O Ministério Público Estadual, por sua vez, não respondeu a demanda do Blog do Elimar Côrtes até o momento desta postagem. O caso, no MPES, está sob a responsabilidade do 15º Promotor de Justiça Criminal. No MPES, a última movimentação do procedimento foi no longínquo 18 de abril de 2017, segundo o Gampes.
Na ocasião, a Polícia Civil chegou a insinuar para a imprensa que Rafaela e Tatiane teriam sido mortas por conta de envolvimento com o tráfico de drogas, o que não é verdade. Insinuou, inclusive, que Rafaela seria prostituta, outra inverdade. Mesmo que a moça se enquadrasse nas duas situações, nada justifica o assassinato e nem tão pouco a demora da Polícia Civil em elucidar o caso.
A Polícia Civil poderia buscar o Boletim de Ocorrência que registra as agressões sofridas por Rafaela e confrontar com as sequências dos fatos. Em Vila Prudêncio, há quem acredite que as duas amigas foram mortas a mando do ex-marido de Rafaela.

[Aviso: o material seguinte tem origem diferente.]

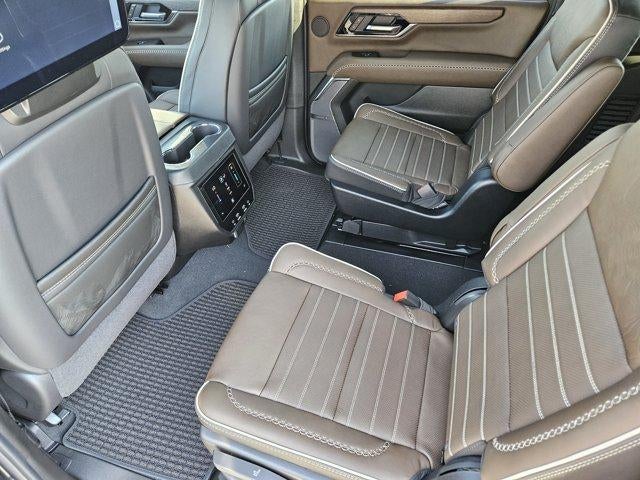 2027 GMC Yukon XL Denali Ultimate
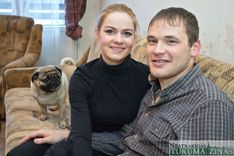 Mareks Ostrovskis jau 11 gadus par savām mājām sauc Izraēlu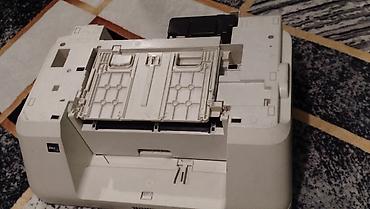 Принтеры: МФУ Canon PIXMA MG2400 - Устройство «3 в 1»: струйный принтер, сканер — 5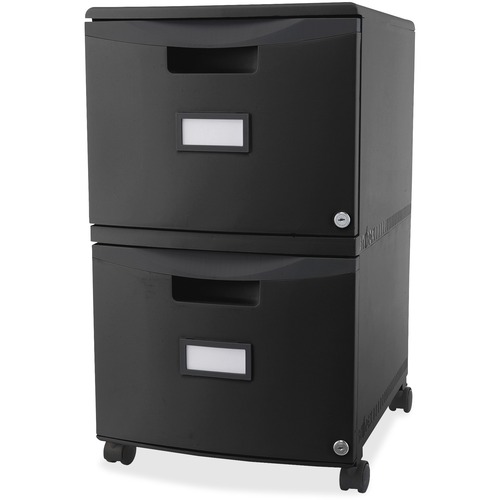 Storex Storex File Cabinet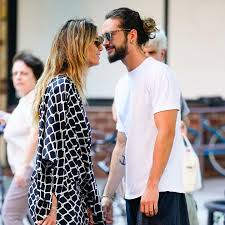His birthday, what he did before fame, his family life, fun trivia facts, popularity rankings, and more. Tom Kaulitz Liebes Tattoo Fur Heidi Klum Gala De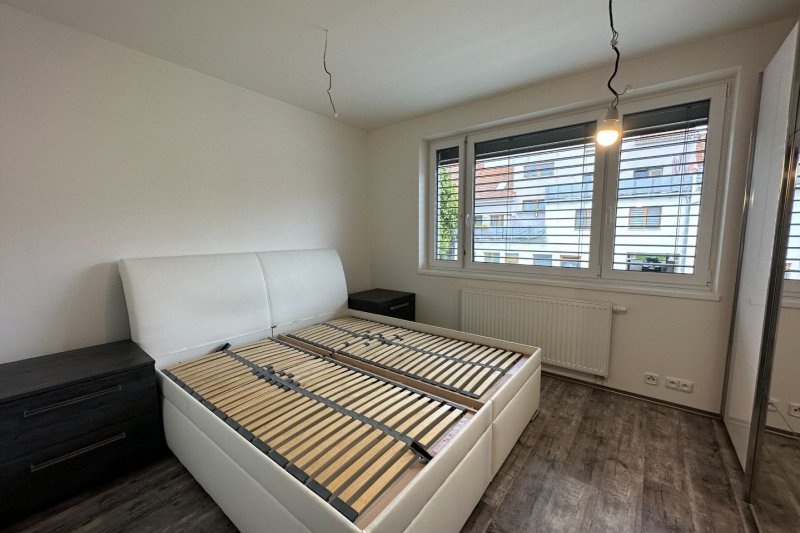 3+KK NADSTANDARD - NOVOSTAVBA NAPAJEDLA 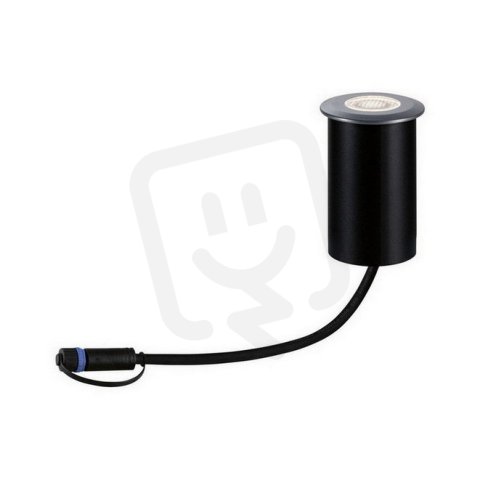 Plug & Shine zemní svítidlo IP67 11W 3000K PAULMANN 94369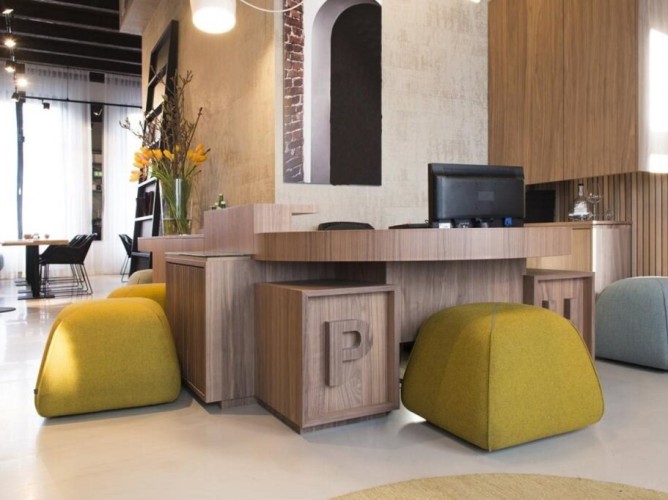 Boutique Hotel Oosteinde - Immagine 2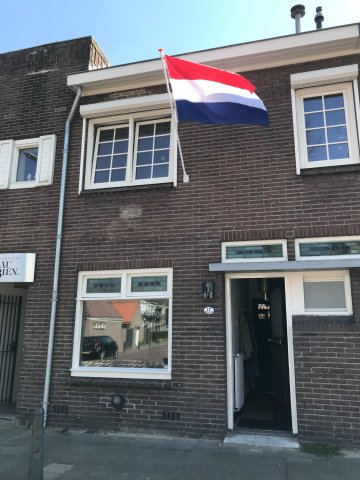 Pastoor van Beugenstraat Oisterwijk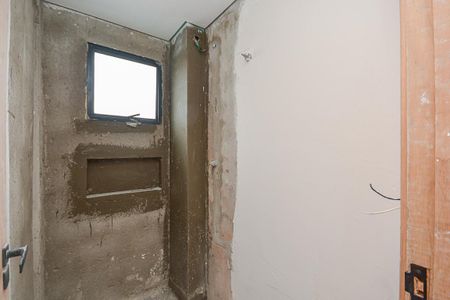 Apartamento à venda com 38m², 2 quartos e 1 vaga Apartamento à venda com 38m², 2 quartos e 1 vagaBanheiro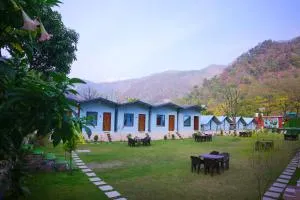 The Hidden Paradise Resort - Bijni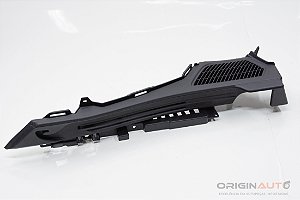 FORRO PORTA MALA ESQUERDO BMW X5 35I F15 2014 7284279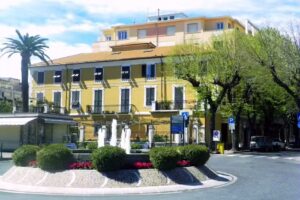 Hotel Giardino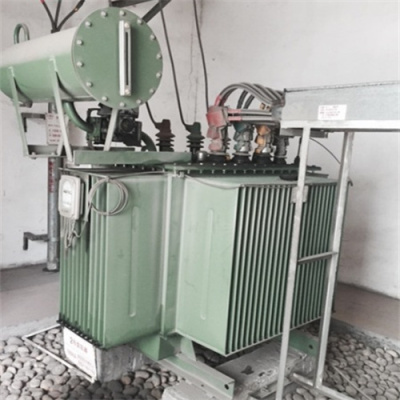 收购禅星特变压器1250KVA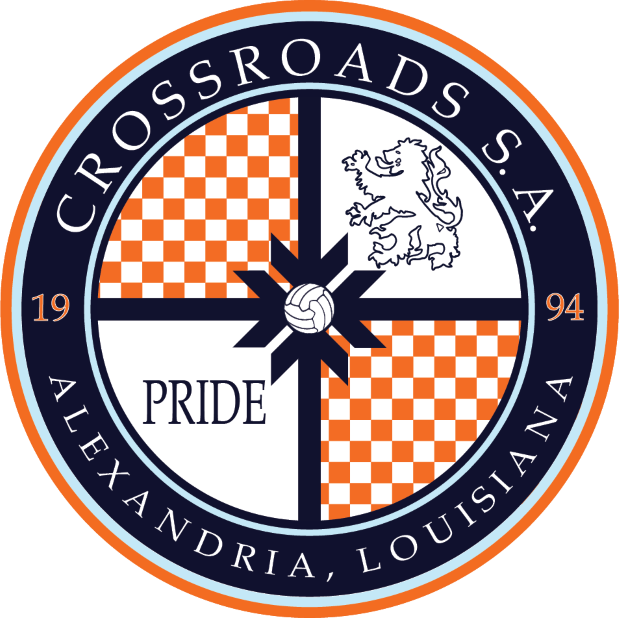 Crossroads Soccer Association Spiritwear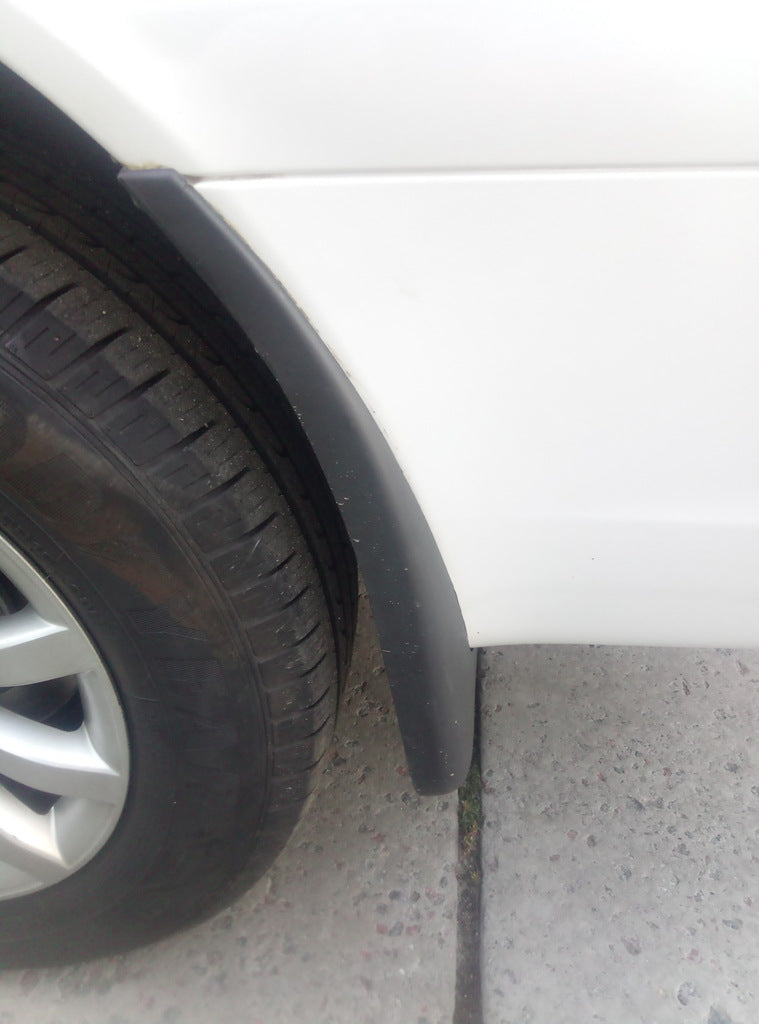 Original mudguards for Mercedes Vito W639 2004-2014 - image 10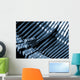 Typewriter Wall Mural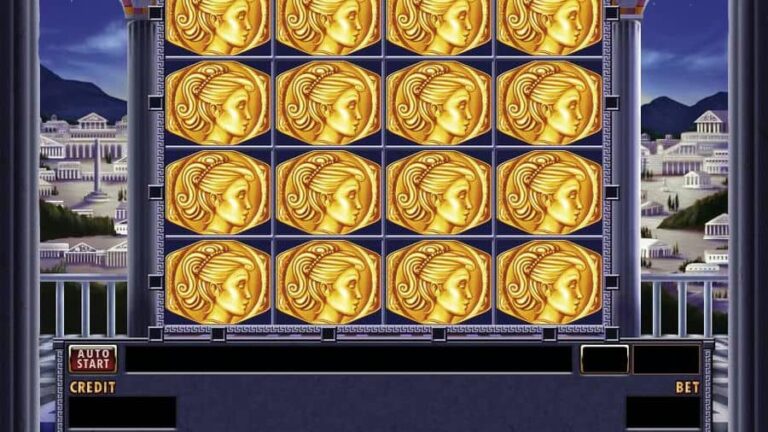 Coin of Gods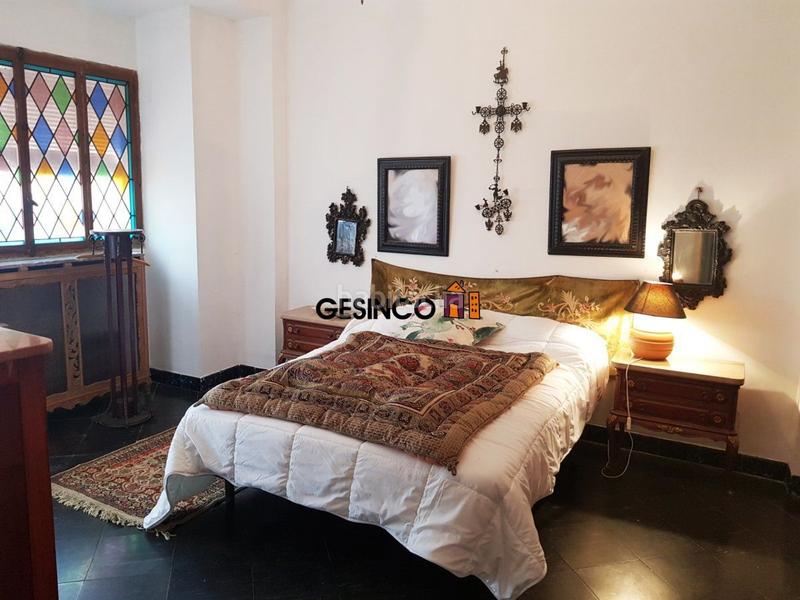 Foto 86ddbccb-0cdc-403c-a5b4-19118498cadc. Semi detached house with pool in Centro Ontinyent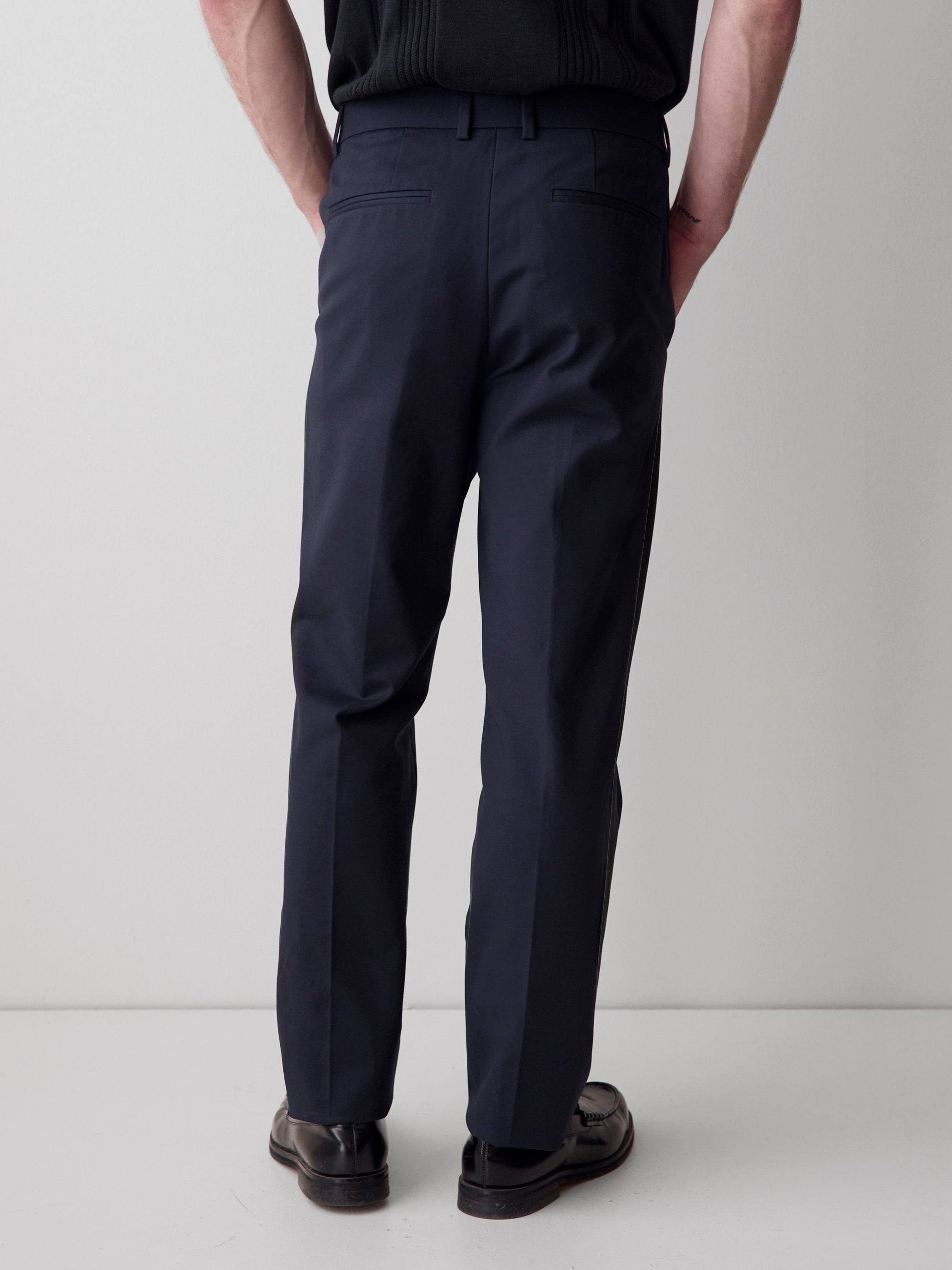Slim Fit City Chino Pant rw&co Great Value Deal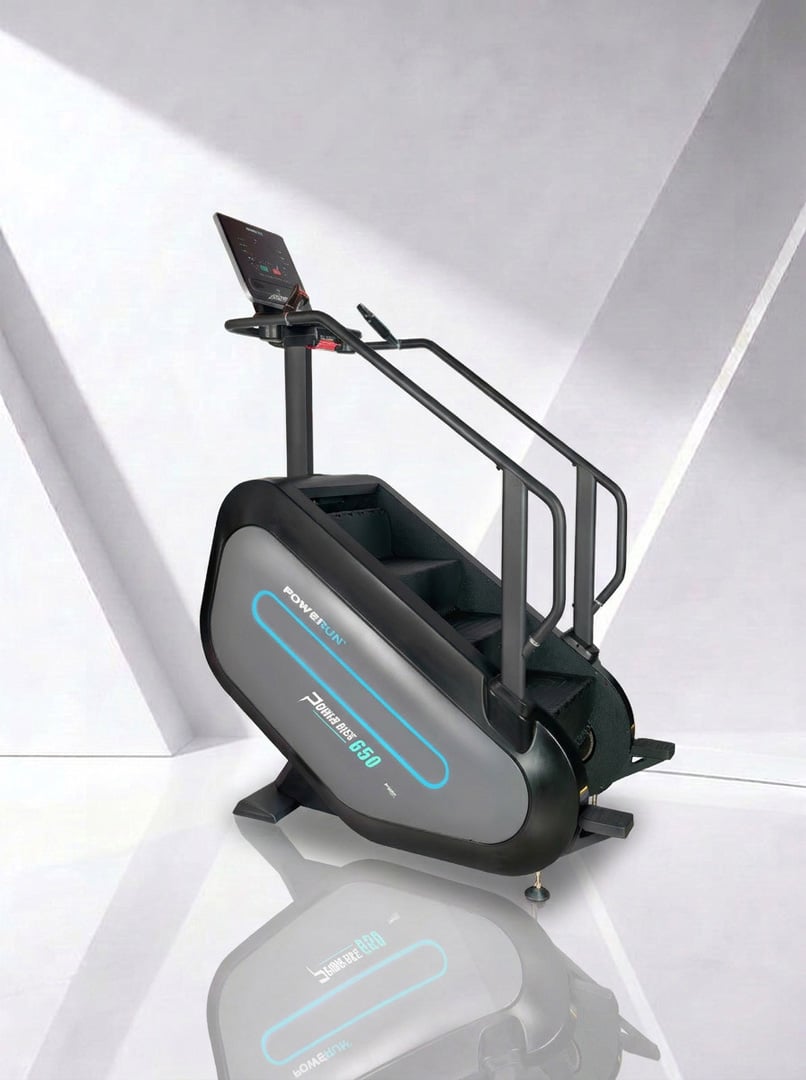 Power Rise 650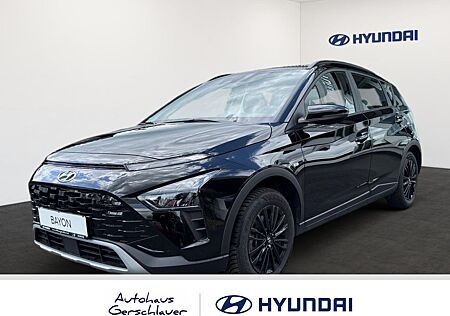 Hyundai Bayon TREND FL 1.0 T-GDI 6-MT 2WD Navi Licht- &
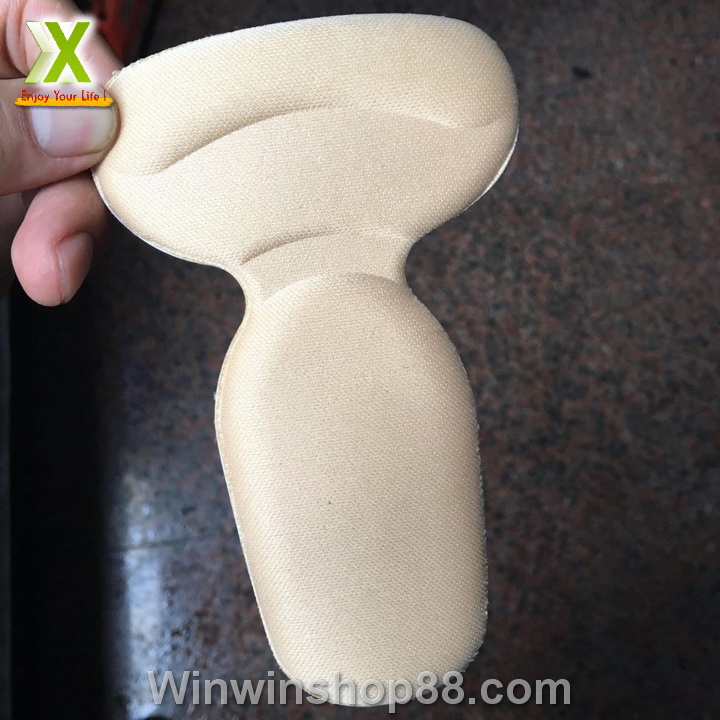 [HCM]Miếng lót cho giày rộng V.5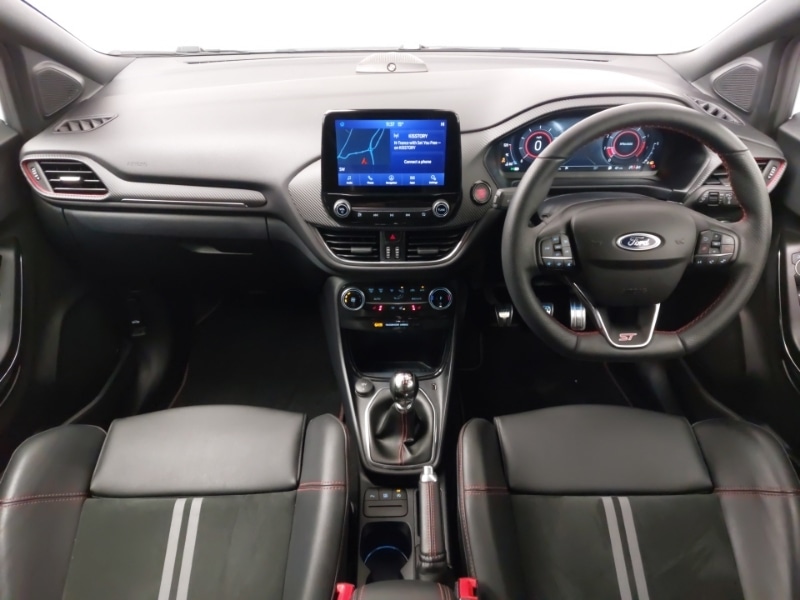 Used Ford Puma 2023 for sale - 77816217: Photo 2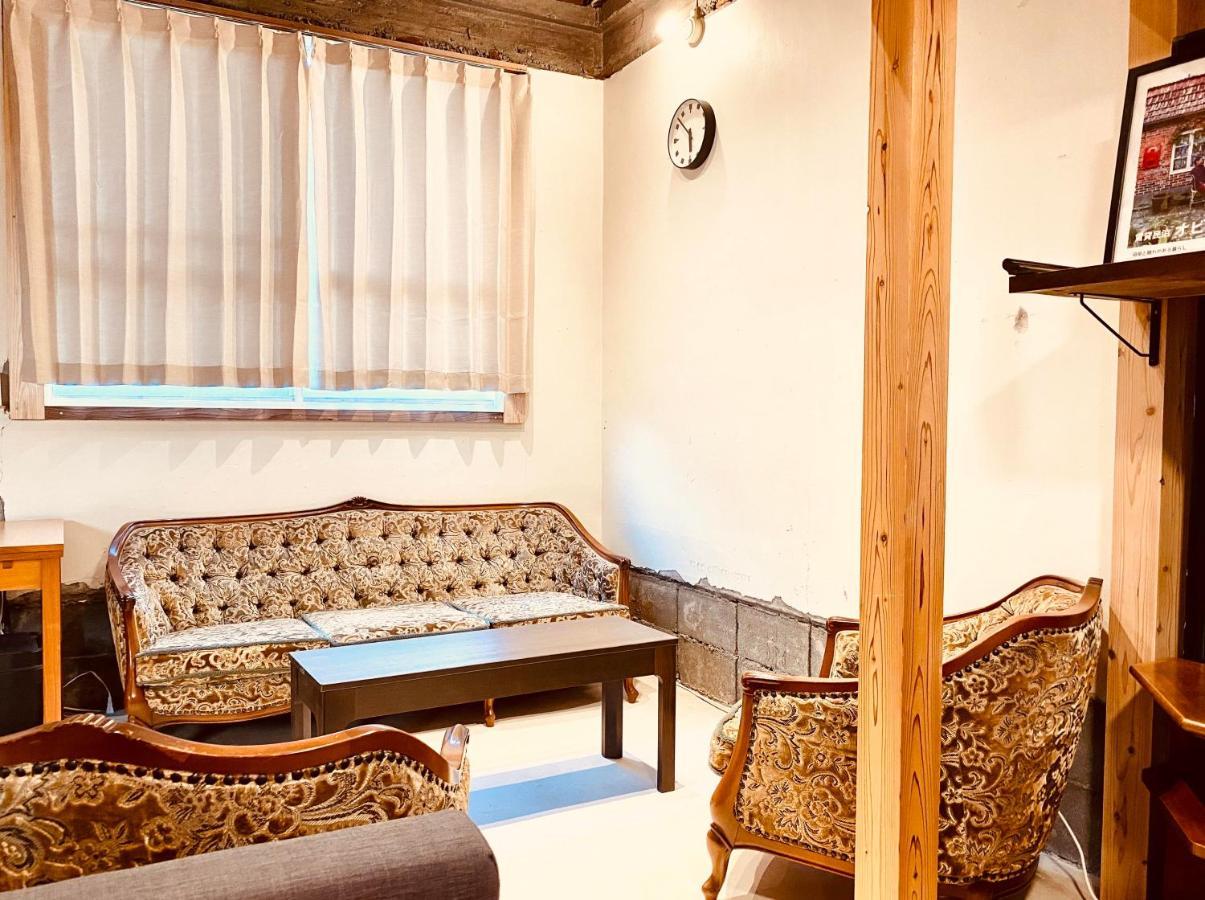 Obi House C2 Apartment Kumamoto
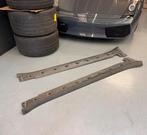 Porsche 911 992 Onderskirt Dorpel, Auto-onderdelen, Ophalen of Verzenden, Links, Porsche, Bumper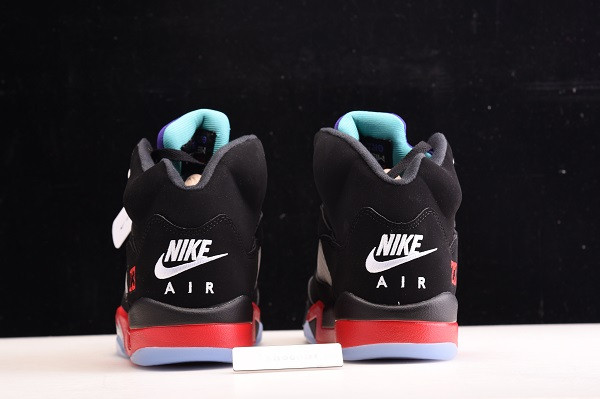Air Jordan 5 “Top 3” CZ1786-001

O ex-marido é amigo de um dos supostos assassinos.
O dono da moto, utilizada por um dos assassinos, tem que ser ouvido de novo – caso, é claro, não tenha sido morto como queima de arquivo.
Se concluir o inquérito desse duplo homicídio, a Polícia Civil poderá chegar aos assassinos – alguns estão em plena atividade profissional – e poderá descobrir a existência de um grupo de extermínio que vem (ou vinha) agindo desde o início dos anos 2000 na Grande Vitória.
Assassinos que agiam impunemente, como fizeram com Rafaela e Tatiane, executadas a tiros por contra do ódio dos assassinos.